Given information
•••••

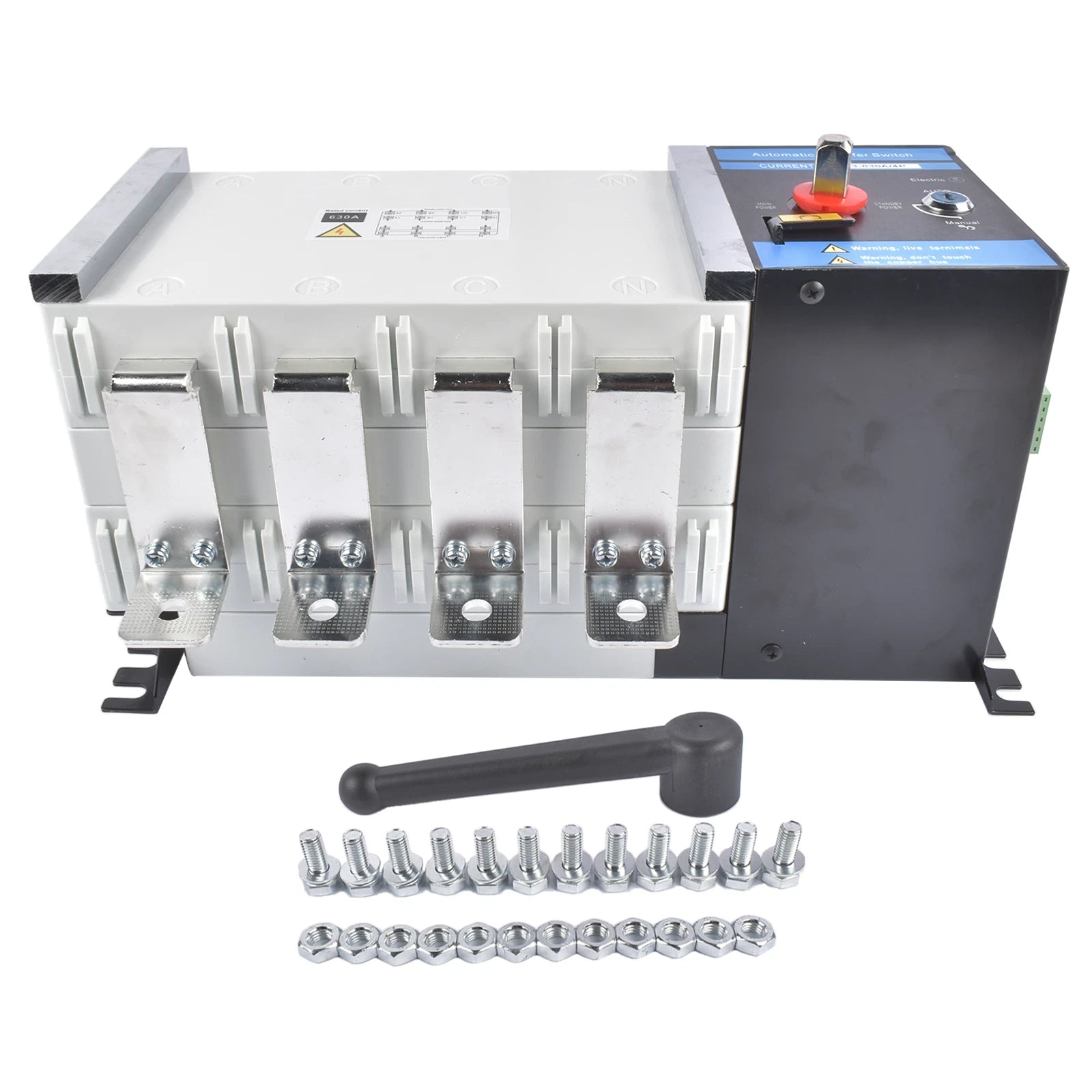 Automatic Transfer Switch for Industrial Applications (110V/220V)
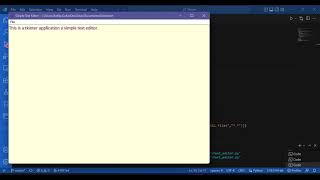 How to Make a Text Editor using Tkinter in Python | Tkinter GUI Programming | WITH FULL CODE LINK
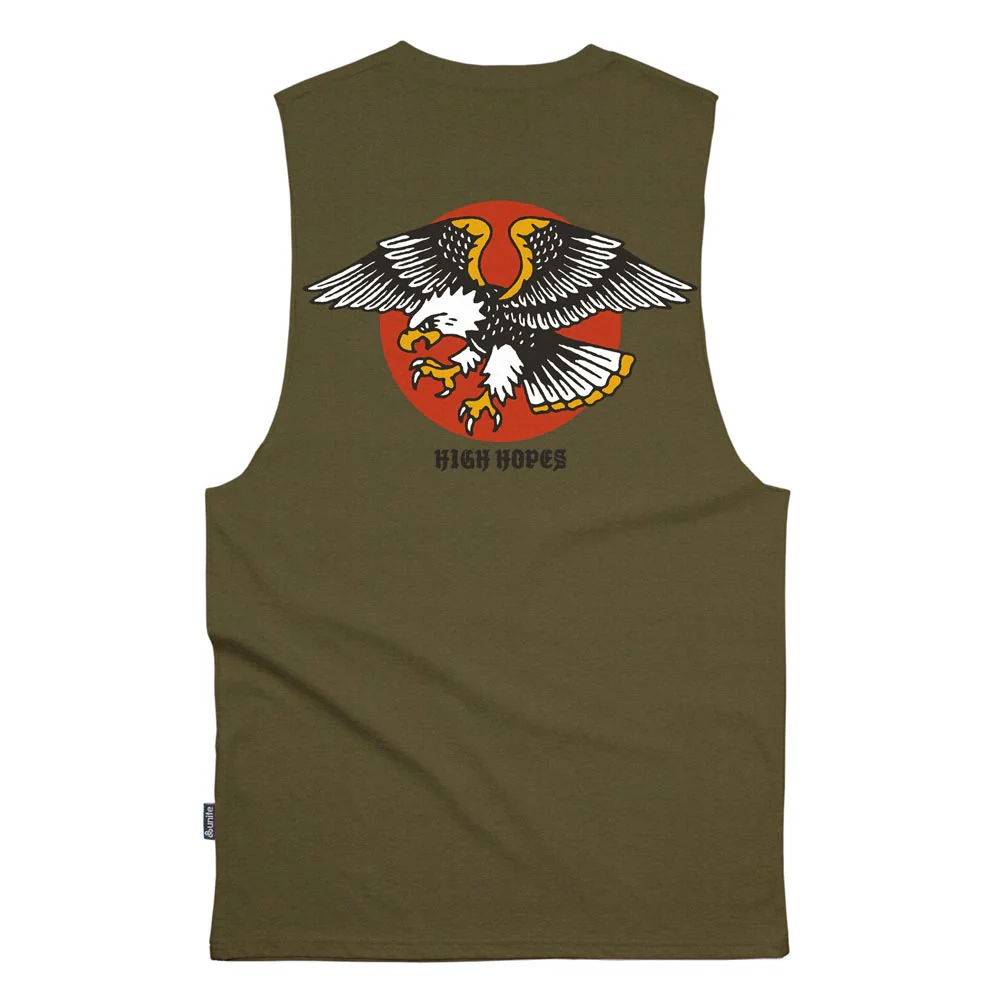 Unite Hope Tank - Military Green - Image 2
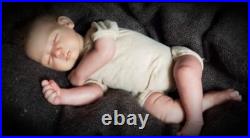 Reborn Baby Boy Doll Preemie 19 Ultra Realistic Soft Vinyl Weighted Lifelike
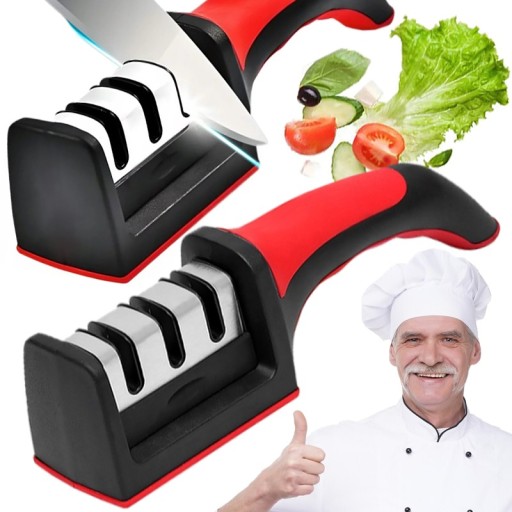 KUCHYNSKÉ KOLIESKO 3v1 NA BRÚSENIE TROJFÁZOVÝCH NOŽOV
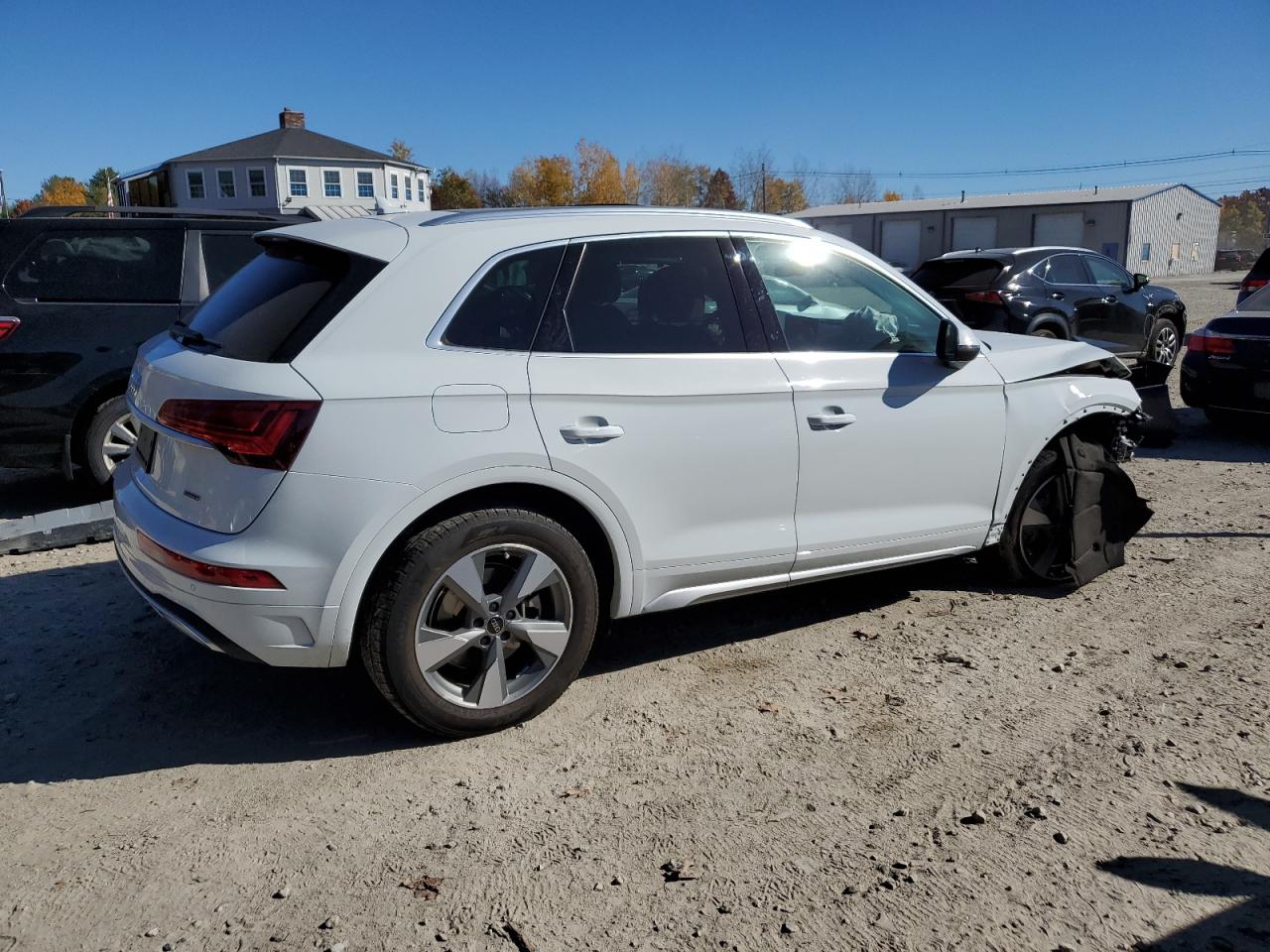 2023 AUDI Q5 PREMIUM PLUS 40 VIN:WA1BBAFY3P2168858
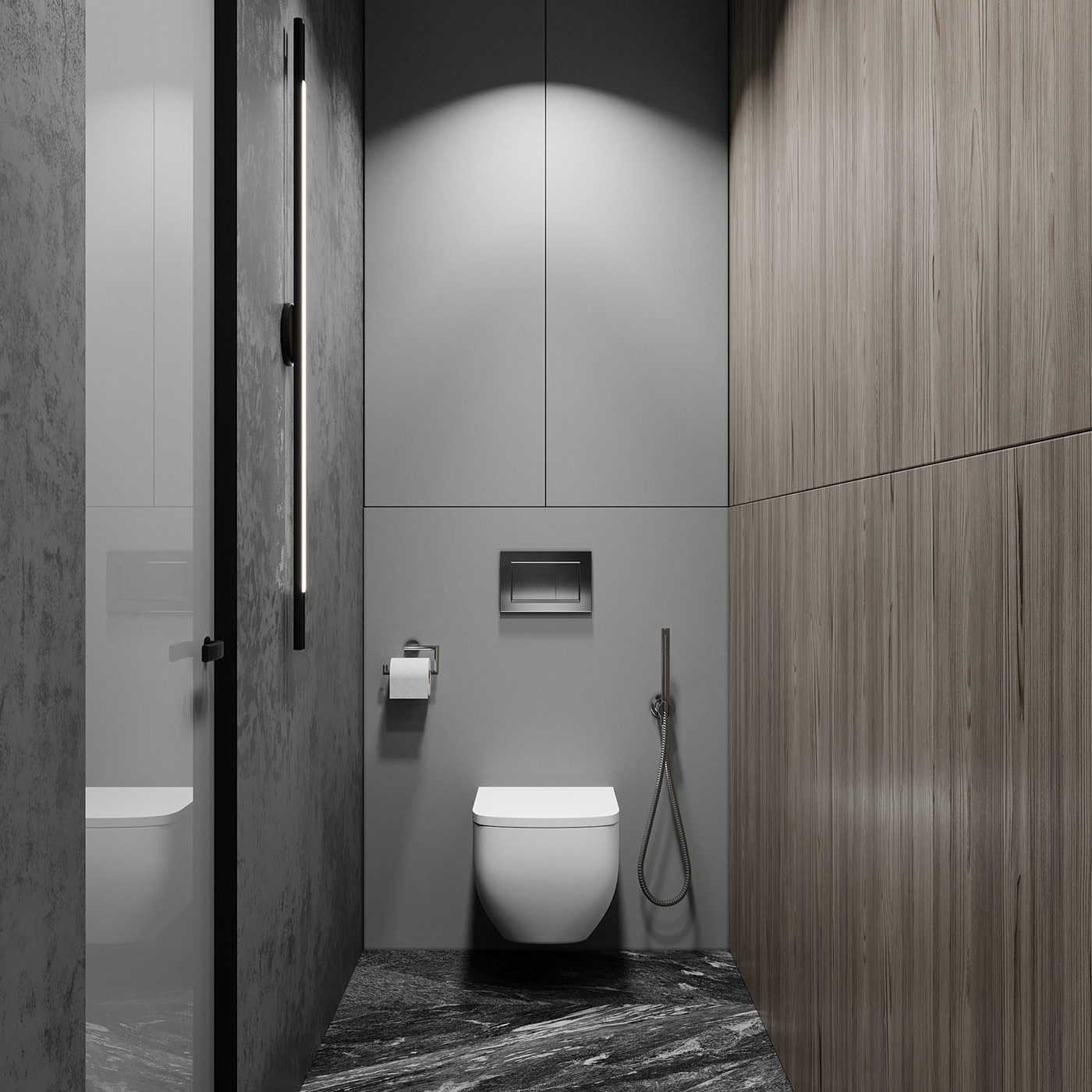 220㎡简约风公寓 既温馨又舒适-19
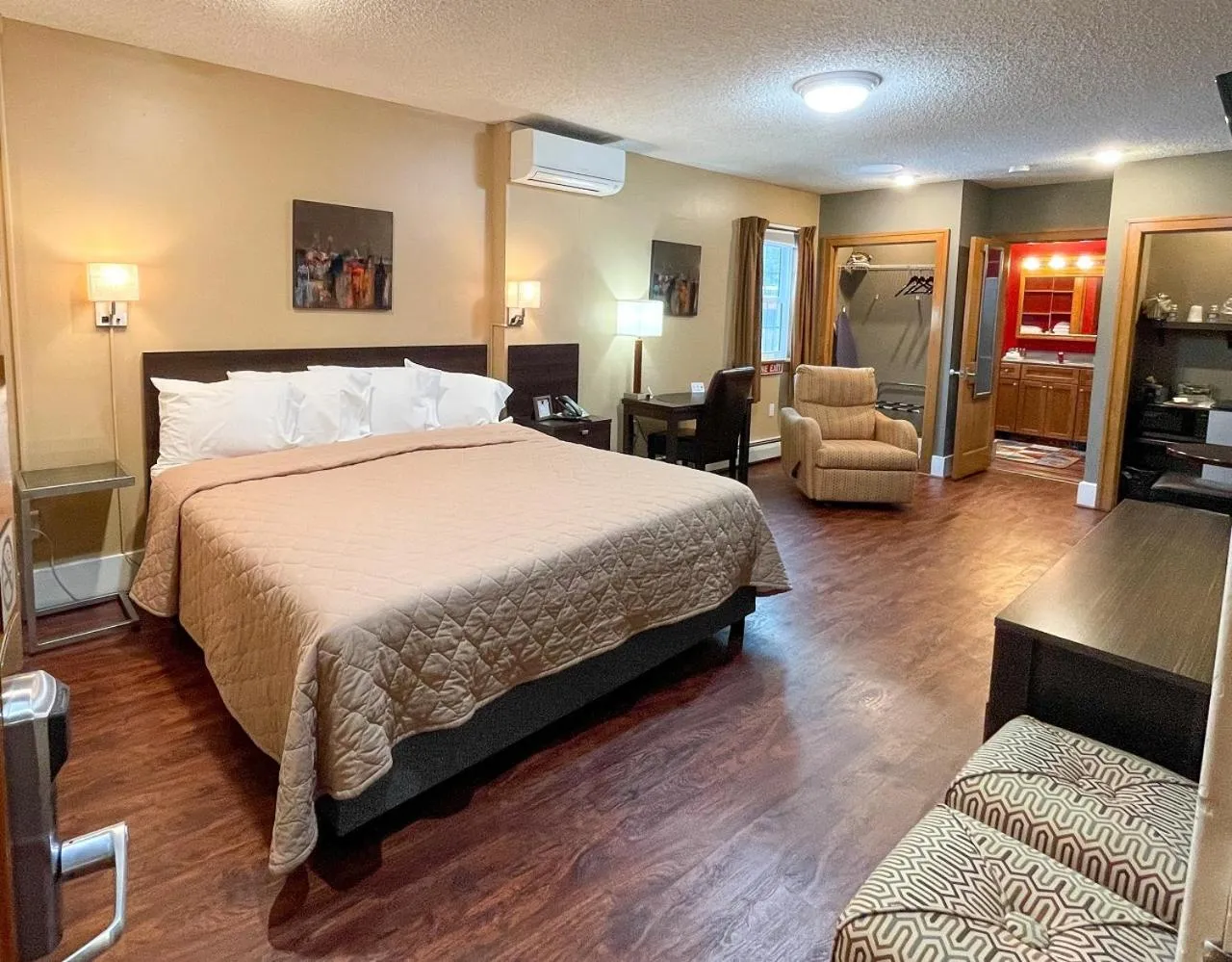 Bedroom in Hotel Dushore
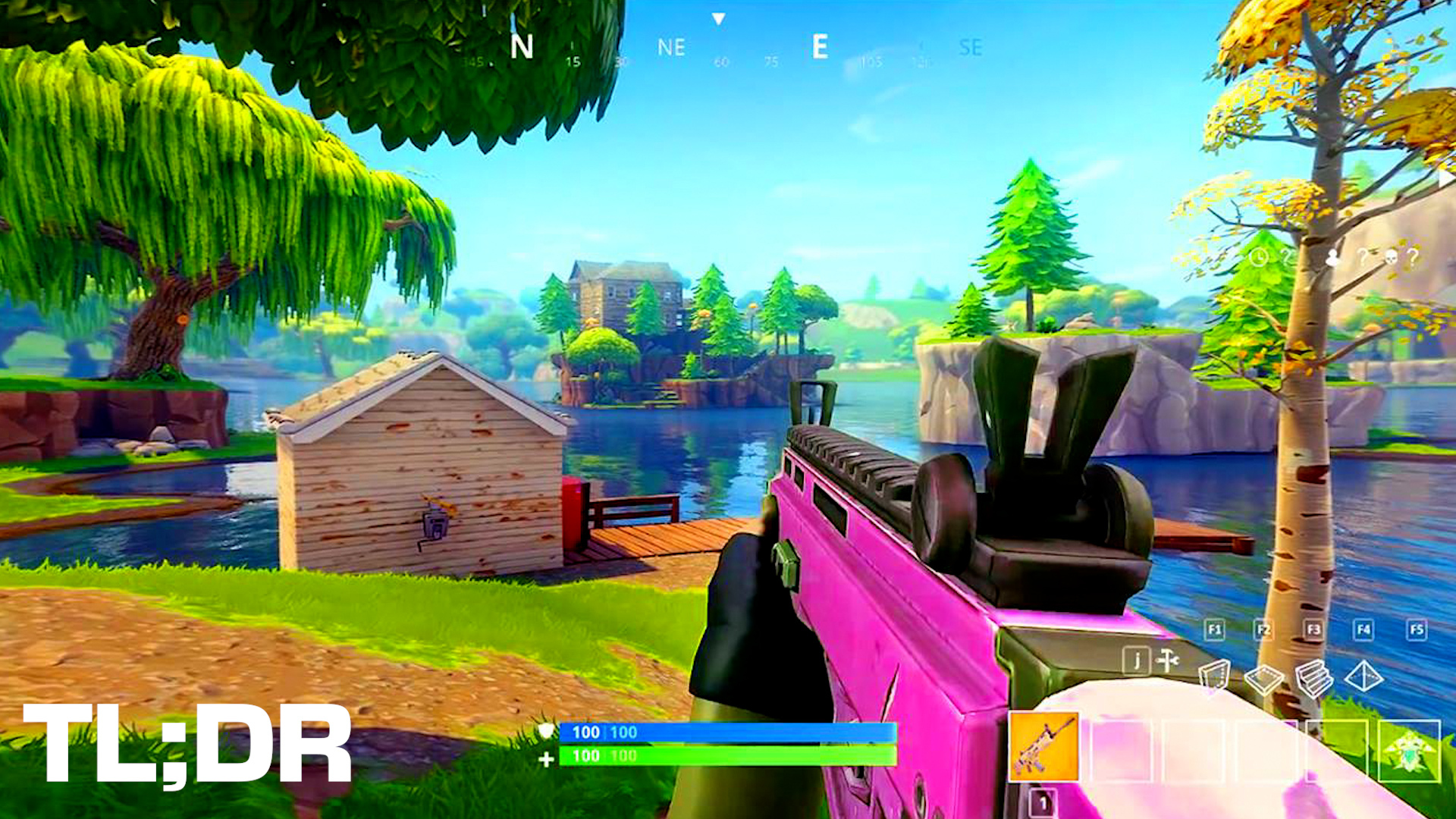 Fortnitefirstperson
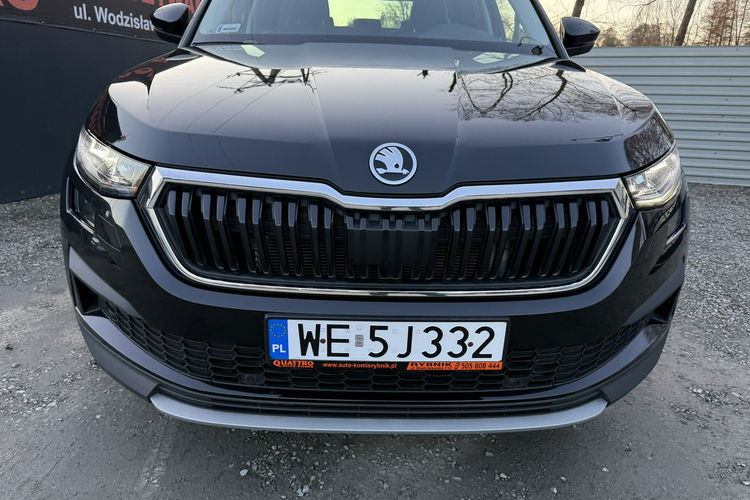 Skoda Kodiaq Salon Polska . VAT 23. Serwis ASO. Virtualny kokpit. Automat DSG zdjęcie 11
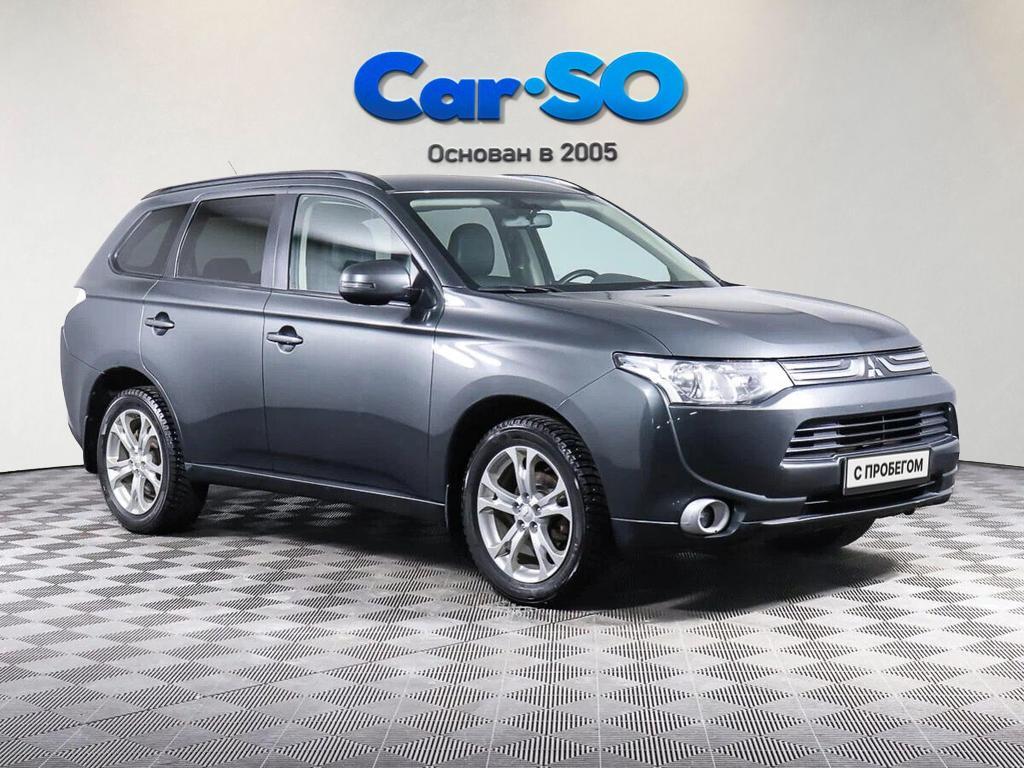 Mitsubishi Outlander, III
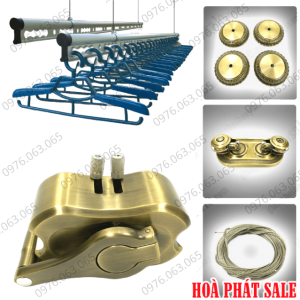 Giàn Phơi Chống Rối Hòa Phát S900 Màu Rêu Cổ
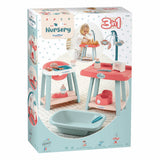 Ecoiffier babyværelsessæt 3-i-1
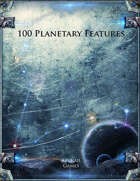 100 Planetary Features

•••••

Instructions for the task
Copy every entry exactly, leaving out the pictures.

Written reply
 Automatic Transfer Switch for Industrial Applications (110V/220V)
 How to Make a Text Editor using Tkinter in Python | Tkinter GUI Programming | WITH FULL CODE LINK
 Unite Hope Tank - Military Green - Image 2
 Reborn Baby Boy Doll Preemie 19 Ultra Realistic Soft Vinyl Weighted Lifelike
 KUCHYNSKÉ KOLIESKO 3v1 NA BRÚSENIE TROJFÁZOVÝCH NOŽOV
 2023 AUDI Q5 PREMIUM PLUS 40 VIN:WA1BBAFY3P2168858
 220㎡简约风公寓 既温馨又舒适-19
 Bedroom in Hotel Dushore
 Fortnitefirstperson
 Skoda Kodiaq Salon Polska . VAT 23. Serwis ASO. Virtualny kokpit. Automat DSG zdjęcie 11
 Mitsubishi Outlander, III
 Giàn Phơi Chống Rối Hòa Phát S900 Màu Rêu Cổ
 Ecoiffier babyværelsessæt 3-i-1
 100 Planetary Features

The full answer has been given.